Bridges 2023 Family Day & Math-Art Expo

Chair: Kristóf Fenyvesi
Program Board: Eve Torrence, Carlo H. Sequin, Sujan Shrestha, Shelby Kennedy
Time: 30 July 2023, 1:00 pm–5:00 pm

Location: Paul O’Regan Hall | Floor 1, Halifax Central Library (5440 Spring Garden Road, Halifax NS B3J 1E9)


All events are free and open to the public. No registration is required.

If you have any questions regarding Family Day, don’t hesitate to get in touch with the chair at


Symmetry Seekers: A Puzzle Adventure!
by Helena Verrill

Get ready to dive into the mesmerizing world of crystallographic groups, featuring a fascinating collection of symmetry cards. Your mission is to solve the ultimate puzzle by matching cards with the same symmetry group. While the patterns may differ, the underlying symmetries remain constant. Accompanying these cards are handy information sheets, guiding you in identifying and understanding the various types of symmetry groups. Tick off the identified patterns on the sheet as you progress, witnessing your mastery of symmetry grow. Unleash your inner symmetry detective and let the quest for matching patterns begin!


Kinetic knots
by Mircea Draghicescu

Using elastic wire, the participants will make some decorative objects and kinetic bracelets simply by tying knots.
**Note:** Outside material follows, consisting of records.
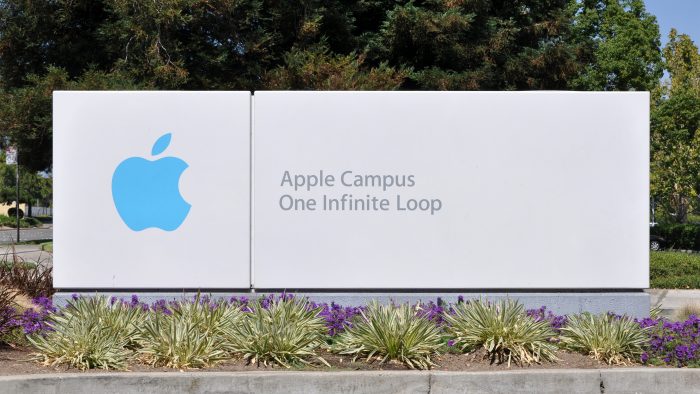Un stagiar la Apple câştigă mai mult decât un CEO în România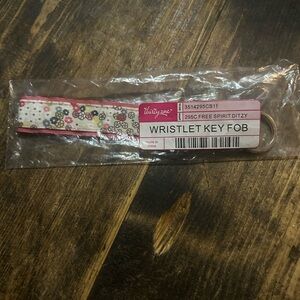 Thirty-One Wristlet Key Fob Free Spirit Ditzy Pattern Brand NEW‎ in Bag
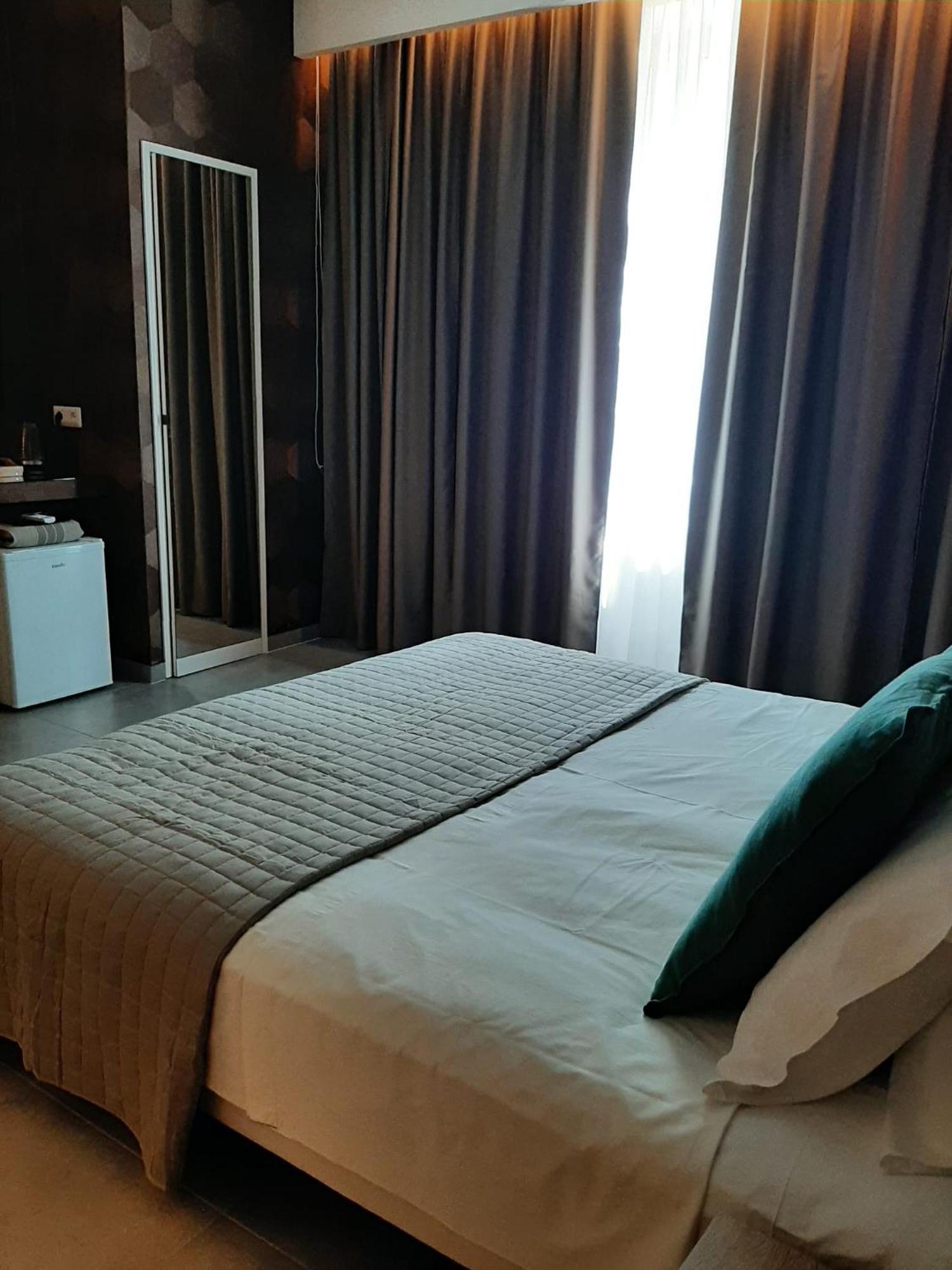 Baaria House Hotel 巴塞罗纳-波佐戈托 外观 照片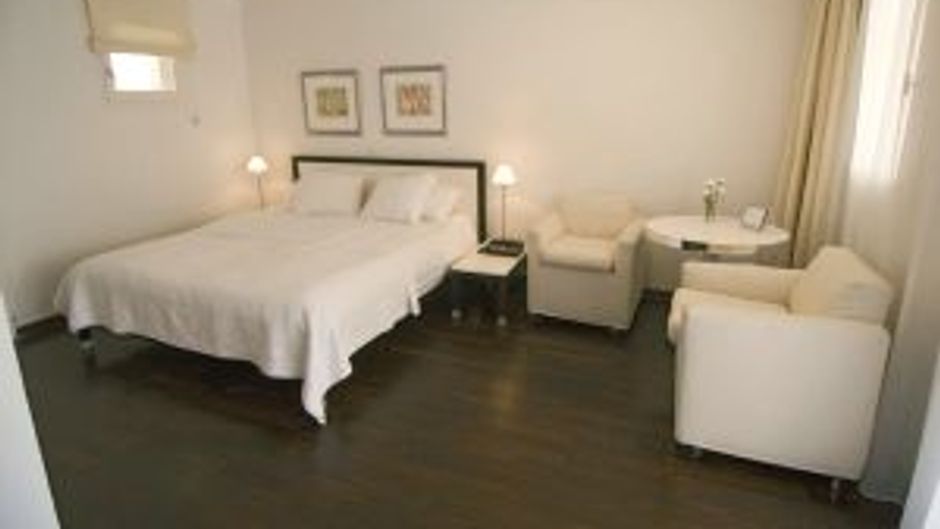 Sandton Hotel Domaine Cocagne Room
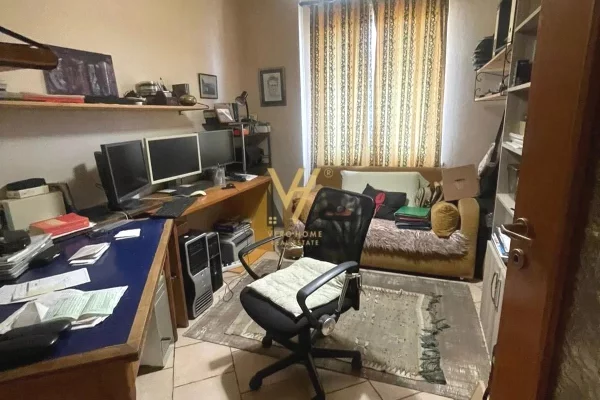 Shtepi ne shitje Apartament ne Tirane, 2+1, Mobilimi E mobiluar, Pagesa 265,000  Euro.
The focus will be on (n,n+1) torus knots which can be tied in hand without any tools, but interested participants can also use some jigs to tie other torus and Turk’s head knots. More details about this activity (and many pictures) can be found in the Bridges workshop paper with the same name.


Origami Snowflakes
by Tatiana Bonch-Osmolovskaya

The workshop encourages creativity, and introduces participants to the art of origami, scientific concepts, and the mesmerizing world of snowflakes. Create your own beautiful 6-fold symmetric snowflakes using Golden Venture origami modules.


Wave Form Cars
By Jay Thakkar and Akhand Jyothi Gupta

A car with a pen in front draws a sine curve when moved forward. Also, changing the top module will result in an another trace, a triangular wave. Further, adjustments to different aspects of the construction lead to changes in the frequency or the amplitude of the waveform. This is driven entirely by the mechanism that is fitted on the front wheels. By additional tweaks to the rear wheels and by shifting the location of where the pen attaches to the overall mechanism, we also design cars that can “draw” linear combinations of the sine and the cosine functions. By additional circles on the car, we can get Fourier series, we can add any number of sinusoids so as to approximate any function.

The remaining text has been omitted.